A coroutine example I’m fond of is this, which will switch a UI component to an error state for 3 seconds and then switch it back.

mainScope.launch {
    view.setErrorState(true)
    delay(3000)
    view.setErrorState(false)
}

This always runs on one thread (the main one), doesn’t do anything that most people think of when they think “concurrent programming”, and is safe since the scope will be cancelled when the UI goes away. This is my counterargument whenever I hear someone say, “Coroutines are lightweight threads.”

Thanks for the example. I read from your response that you mean that “Coroutines are more than lightweight threads” … ie, like Roman mentioned, fine grained concurrency. Or more broadly, tools for doing more things with concurrency than vanilla async/await

I think the best definition of coroutines is “code that can suspend without blocking the thread it’s running on”. So I guess VTs is code that can block a thread but you don’t care.

For me “coroutines” mean we have the ability to explicitly jump to another code location and stack. This comes from the name: subroutine is when we call another part in the code and it becomes a part of our execution flow, it is added to our stack, it becomes our child. Coroutine is when we call another existing execution flow, our sibling, another stack.

Such a jump can be used for suspending capability (we jump out somewhere, and after some time someone jumps back to us), but it can be used for many other cases, again: state machines, generators, etc. Kotlin coroutines provide this capability with continuations. VTs don’t provide such capability: we can only request to suspend or resume another VT, but we can’t request to jump to another VT.

But I guess this is a digression from the main topic.

You might be interested in reading/contributing to this:

In my to-read list currently, but haven’t had the time yet.

I don’t fully understand the interplay between VT in Loom and coroutines, so the following maybe incorrect.

When a coroutine is started, it will get a VT as a carrier thread.

When a coroutine suspends, it is unmounted from the VT. Does that VT then get garbage collected?

When a coroutine resumes, I presume a new VT is created and the coroutine is mounted to this new VT.

What happens when the VT yields? For example, make a JDBC call.

I presume that the Coroutine is just hanging out in state on the VT, so the whole thing (Coroutine + VT) are unmounted from the VT carrier thread. When the VT is resumed, the whole thing gets mounted on a platform thread and continues.

Is this right?

Are there currently any downsides to this approach? Obviously, there are a lot more allocations as you create both a coroutine and VT. You also create a new VT every time a coroutine resumes (I think).
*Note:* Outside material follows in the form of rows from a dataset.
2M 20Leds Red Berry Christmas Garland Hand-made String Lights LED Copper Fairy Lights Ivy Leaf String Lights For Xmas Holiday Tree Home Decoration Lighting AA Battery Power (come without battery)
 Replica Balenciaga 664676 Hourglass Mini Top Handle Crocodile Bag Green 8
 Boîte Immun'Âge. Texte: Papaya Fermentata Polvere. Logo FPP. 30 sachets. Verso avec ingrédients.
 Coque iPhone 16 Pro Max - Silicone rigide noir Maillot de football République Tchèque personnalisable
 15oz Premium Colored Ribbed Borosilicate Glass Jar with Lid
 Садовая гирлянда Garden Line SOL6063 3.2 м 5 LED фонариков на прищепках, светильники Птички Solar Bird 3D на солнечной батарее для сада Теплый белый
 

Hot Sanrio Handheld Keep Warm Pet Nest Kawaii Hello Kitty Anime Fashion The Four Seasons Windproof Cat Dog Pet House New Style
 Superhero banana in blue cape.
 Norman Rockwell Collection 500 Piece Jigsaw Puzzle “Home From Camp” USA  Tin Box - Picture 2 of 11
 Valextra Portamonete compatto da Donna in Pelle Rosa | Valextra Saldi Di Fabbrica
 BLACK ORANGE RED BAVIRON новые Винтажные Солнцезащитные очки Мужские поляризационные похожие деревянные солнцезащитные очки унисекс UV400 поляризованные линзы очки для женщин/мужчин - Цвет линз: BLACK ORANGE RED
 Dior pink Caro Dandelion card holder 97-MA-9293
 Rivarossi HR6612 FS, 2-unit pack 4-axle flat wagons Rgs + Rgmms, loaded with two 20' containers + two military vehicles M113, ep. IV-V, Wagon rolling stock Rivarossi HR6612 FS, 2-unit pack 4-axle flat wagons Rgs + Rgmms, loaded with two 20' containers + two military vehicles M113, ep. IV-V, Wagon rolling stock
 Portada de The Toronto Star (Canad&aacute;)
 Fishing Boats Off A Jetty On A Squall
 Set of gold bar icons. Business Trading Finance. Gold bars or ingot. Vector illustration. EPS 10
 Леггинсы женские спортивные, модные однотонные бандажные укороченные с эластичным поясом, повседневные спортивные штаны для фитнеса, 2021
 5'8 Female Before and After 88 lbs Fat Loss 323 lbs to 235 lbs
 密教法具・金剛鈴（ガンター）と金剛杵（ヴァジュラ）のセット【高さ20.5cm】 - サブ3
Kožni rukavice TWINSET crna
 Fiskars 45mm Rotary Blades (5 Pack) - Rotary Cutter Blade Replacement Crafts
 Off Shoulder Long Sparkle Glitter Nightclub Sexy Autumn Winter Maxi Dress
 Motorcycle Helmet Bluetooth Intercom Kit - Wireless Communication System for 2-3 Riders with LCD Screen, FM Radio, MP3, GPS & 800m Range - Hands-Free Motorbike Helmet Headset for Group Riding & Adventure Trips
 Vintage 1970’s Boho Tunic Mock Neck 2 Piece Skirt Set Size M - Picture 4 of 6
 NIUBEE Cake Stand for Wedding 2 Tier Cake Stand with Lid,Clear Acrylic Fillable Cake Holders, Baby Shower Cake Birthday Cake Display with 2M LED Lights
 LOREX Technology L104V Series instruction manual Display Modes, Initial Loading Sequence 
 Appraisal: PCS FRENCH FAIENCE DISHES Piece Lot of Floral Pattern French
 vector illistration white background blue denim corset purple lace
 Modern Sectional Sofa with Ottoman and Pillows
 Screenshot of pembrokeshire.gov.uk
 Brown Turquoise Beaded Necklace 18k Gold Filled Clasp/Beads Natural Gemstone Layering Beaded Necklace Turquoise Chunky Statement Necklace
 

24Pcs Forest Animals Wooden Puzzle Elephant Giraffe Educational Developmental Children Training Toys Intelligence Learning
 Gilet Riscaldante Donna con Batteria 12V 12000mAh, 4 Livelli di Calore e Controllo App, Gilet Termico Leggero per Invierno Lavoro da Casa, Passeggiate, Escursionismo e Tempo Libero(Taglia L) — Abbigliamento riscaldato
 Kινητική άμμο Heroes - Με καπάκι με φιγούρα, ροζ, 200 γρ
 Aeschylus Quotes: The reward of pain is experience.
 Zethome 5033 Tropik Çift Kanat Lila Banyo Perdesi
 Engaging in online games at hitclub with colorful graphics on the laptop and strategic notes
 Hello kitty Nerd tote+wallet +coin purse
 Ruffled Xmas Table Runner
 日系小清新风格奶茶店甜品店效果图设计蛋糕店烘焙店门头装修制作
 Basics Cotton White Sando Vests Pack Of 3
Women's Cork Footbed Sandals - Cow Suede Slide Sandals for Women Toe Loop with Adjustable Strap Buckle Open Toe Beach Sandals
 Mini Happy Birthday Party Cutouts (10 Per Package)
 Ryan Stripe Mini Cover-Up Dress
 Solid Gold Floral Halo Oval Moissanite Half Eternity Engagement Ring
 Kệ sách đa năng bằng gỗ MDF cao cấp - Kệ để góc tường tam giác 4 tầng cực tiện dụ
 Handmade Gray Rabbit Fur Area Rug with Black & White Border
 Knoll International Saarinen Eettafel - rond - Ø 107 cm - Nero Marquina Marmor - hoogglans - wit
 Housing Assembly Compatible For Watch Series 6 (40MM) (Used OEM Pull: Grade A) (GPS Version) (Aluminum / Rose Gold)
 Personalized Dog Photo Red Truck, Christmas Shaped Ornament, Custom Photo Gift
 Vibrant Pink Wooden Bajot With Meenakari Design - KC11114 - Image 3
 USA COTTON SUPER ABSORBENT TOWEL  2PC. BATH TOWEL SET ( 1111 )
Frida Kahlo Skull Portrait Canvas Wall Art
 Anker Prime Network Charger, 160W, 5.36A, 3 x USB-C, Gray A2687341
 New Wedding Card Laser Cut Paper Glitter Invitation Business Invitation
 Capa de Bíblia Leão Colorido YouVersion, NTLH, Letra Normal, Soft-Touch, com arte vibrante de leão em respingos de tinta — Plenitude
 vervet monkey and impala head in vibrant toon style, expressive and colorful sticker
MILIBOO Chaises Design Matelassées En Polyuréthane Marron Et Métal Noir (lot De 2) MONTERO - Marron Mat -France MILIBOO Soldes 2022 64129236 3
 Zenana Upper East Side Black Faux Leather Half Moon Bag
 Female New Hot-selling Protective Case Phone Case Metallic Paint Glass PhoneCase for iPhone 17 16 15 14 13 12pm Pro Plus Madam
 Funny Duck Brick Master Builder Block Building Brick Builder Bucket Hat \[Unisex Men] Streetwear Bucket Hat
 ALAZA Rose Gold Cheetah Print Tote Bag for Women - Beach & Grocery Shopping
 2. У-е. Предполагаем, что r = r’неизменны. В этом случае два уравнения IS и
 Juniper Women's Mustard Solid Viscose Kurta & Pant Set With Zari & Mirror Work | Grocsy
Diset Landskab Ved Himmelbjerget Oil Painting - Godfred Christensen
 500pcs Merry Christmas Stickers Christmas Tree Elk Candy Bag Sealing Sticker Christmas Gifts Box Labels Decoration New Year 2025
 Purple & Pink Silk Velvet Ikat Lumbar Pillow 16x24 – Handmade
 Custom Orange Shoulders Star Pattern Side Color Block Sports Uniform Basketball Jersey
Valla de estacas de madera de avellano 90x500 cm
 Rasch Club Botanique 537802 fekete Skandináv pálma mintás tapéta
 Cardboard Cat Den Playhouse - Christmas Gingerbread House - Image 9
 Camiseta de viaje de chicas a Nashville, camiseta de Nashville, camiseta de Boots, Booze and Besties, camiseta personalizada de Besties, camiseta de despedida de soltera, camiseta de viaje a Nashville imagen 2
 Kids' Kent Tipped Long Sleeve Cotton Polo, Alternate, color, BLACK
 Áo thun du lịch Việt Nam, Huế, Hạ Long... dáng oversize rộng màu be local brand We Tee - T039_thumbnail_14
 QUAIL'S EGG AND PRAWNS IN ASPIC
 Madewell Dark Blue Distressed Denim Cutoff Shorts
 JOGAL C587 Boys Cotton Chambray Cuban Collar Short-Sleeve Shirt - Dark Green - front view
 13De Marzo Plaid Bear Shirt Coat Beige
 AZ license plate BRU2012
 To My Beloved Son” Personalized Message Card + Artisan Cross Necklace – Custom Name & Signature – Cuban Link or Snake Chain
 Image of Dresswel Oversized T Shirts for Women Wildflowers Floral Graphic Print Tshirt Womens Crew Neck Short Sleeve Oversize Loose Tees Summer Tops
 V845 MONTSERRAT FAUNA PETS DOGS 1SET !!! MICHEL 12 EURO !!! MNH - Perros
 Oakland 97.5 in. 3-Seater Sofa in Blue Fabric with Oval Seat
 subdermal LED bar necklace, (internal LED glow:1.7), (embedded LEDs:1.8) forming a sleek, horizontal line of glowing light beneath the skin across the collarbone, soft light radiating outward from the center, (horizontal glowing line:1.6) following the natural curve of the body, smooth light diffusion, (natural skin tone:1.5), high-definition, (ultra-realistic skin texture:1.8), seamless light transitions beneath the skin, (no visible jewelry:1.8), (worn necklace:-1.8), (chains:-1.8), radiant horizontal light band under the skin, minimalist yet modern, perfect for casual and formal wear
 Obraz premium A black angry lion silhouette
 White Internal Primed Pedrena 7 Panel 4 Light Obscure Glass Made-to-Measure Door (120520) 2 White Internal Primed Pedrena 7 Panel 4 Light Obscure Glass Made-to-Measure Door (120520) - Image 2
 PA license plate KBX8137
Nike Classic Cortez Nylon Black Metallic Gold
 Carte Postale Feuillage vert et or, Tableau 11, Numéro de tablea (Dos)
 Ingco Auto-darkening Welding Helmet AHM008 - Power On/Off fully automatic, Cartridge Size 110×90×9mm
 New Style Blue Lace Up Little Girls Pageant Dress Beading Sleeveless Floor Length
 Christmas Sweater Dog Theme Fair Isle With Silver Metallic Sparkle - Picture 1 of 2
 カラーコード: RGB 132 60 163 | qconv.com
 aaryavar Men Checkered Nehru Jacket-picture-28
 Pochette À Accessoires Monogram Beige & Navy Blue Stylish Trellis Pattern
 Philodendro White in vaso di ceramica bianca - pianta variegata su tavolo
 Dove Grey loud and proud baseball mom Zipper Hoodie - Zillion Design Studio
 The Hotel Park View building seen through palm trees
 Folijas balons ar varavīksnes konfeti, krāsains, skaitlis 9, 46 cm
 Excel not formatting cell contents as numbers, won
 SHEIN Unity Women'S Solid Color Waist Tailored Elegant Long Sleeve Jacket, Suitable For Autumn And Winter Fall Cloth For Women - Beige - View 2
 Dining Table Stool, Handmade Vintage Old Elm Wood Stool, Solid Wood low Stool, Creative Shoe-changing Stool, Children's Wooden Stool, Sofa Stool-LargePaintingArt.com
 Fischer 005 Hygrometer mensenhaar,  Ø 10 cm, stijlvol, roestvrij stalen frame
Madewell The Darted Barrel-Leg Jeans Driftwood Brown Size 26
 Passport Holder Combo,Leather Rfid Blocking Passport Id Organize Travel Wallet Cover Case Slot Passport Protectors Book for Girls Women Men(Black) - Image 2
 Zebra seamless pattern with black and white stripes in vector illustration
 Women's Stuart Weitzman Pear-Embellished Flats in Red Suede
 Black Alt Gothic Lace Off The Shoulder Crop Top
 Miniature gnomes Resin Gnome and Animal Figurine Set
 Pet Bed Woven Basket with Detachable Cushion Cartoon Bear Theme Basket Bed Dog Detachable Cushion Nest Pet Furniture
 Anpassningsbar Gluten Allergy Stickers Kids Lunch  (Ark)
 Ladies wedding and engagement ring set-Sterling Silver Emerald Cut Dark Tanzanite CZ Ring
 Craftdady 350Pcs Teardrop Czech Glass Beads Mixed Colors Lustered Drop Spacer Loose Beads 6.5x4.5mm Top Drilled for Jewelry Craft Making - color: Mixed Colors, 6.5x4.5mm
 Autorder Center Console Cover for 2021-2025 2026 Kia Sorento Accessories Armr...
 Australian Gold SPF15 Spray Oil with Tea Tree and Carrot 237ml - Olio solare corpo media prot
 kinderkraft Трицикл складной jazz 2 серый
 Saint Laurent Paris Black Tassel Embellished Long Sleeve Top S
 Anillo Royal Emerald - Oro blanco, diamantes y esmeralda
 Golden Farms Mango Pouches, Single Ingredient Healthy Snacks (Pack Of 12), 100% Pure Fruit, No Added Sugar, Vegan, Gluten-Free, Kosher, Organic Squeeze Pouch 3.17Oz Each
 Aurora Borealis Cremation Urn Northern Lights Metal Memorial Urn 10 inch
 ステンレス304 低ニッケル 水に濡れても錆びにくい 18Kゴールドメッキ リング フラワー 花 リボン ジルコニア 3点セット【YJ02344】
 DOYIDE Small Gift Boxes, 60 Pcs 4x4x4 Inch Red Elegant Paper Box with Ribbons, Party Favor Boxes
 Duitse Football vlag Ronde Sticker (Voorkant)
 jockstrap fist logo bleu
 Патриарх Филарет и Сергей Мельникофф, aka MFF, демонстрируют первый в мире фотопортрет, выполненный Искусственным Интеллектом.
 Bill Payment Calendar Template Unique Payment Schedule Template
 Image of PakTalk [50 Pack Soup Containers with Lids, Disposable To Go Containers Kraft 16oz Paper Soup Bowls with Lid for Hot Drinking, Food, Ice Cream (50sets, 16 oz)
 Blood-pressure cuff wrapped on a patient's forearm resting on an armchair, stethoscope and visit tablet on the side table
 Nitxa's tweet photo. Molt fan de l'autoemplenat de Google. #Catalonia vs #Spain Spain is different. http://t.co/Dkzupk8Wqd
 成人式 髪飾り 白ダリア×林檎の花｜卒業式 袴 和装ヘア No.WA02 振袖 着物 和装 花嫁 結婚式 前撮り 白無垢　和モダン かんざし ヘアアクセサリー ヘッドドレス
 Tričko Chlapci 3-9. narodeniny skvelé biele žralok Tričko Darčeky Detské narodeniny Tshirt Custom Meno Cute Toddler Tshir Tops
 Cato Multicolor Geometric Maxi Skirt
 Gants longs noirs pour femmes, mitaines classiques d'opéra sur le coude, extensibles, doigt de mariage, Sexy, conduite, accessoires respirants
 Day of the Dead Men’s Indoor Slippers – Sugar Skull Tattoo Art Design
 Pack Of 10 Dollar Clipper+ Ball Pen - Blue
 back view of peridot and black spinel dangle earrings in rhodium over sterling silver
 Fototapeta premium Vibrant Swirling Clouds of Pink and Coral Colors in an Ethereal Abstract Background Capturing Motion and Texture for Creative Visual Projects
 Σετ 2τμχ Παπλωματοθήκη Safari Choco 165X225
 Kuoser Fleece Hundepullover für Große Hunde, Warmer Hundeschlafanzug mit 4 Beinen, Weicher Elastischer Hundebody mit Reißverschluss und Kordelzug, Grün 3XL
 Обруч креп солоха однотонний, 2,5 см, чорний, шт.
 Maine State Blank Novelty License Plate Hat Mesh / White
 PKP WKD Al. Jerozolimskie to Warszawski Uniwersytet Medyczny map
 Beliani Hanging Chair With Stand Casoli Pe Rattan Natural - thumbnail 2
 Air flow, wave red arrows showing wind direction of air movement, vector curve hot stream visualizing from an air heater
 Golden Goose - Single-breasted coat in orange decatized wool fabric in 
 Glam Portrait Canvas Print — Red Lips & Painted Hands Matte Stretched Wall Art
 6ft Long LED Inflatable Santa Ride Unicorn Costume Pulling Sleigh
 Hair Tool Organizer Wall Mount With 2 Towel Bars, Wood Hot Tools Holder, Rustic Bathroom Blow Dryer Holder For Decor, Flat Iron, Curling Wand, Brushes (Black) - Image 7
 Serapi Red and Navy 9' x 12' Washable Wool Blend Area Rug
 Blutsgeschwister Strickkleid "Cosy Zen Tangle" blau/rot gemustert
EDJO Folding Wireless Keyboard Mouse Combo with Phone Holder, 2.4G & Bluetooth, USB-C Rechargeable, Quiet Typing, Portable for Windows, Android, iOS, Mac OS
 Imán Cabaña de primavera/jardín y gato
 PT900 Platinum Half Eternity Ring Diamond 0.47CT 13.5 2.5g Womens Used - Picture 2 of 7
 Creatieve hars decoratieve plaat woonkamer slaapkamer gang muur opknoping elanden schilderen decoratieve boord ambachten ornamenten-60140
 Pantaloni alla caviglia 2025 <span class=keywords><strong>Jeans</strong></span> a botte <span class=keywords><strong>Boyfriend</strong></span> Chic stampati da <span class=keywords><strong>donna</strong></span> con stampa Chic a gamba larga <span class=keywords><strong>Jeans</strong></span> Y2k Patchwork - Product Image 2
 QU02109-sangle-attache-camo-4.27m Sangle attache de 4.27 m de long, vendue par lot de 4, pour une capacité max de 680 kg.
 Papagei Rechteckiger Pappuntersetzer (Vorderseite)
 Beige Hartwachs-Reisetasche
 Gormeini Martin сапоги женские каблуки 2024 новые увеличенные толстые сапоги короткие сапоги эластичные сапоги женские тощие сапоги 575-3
Not sure of the other tradeoffs, risks.

And to my earlier question, is anyone doing this in production?

Thanks!

I believe you got it right and this is what I described in previous posts. I don’t see major downsides of this approach, only:

• added complexity - sometimes we suspend using VTs, sometimes we suspend using coroutines, both mechanisms are independent of each other, so developers, tools, etc. need to be aware of both mechanisms.
• Potentially added overhead, e.g. we still use suspend functions, continuations, etc. even if we only ever suspend using VTs.

My understanding so far:

• Coroutines are more lightweight. If you have many small CPU-bound tasks (e.g. actors, complex streaming APIs, reactive pipelines), coroutines will be better.
• Virtual threads automatically convert blocking IO into async IO. If your workflow is very IO-bound (e.g. just calling a database driver), Virtual threads will be better.
• In theory, modern frameworks should only use async IO, so Virtual threads’ auto-conversion shouldn’t help much, but in practice many wildly used libraries still use blocking IO

To your last point, a ton of apps use JDBC / JPA which is blocking.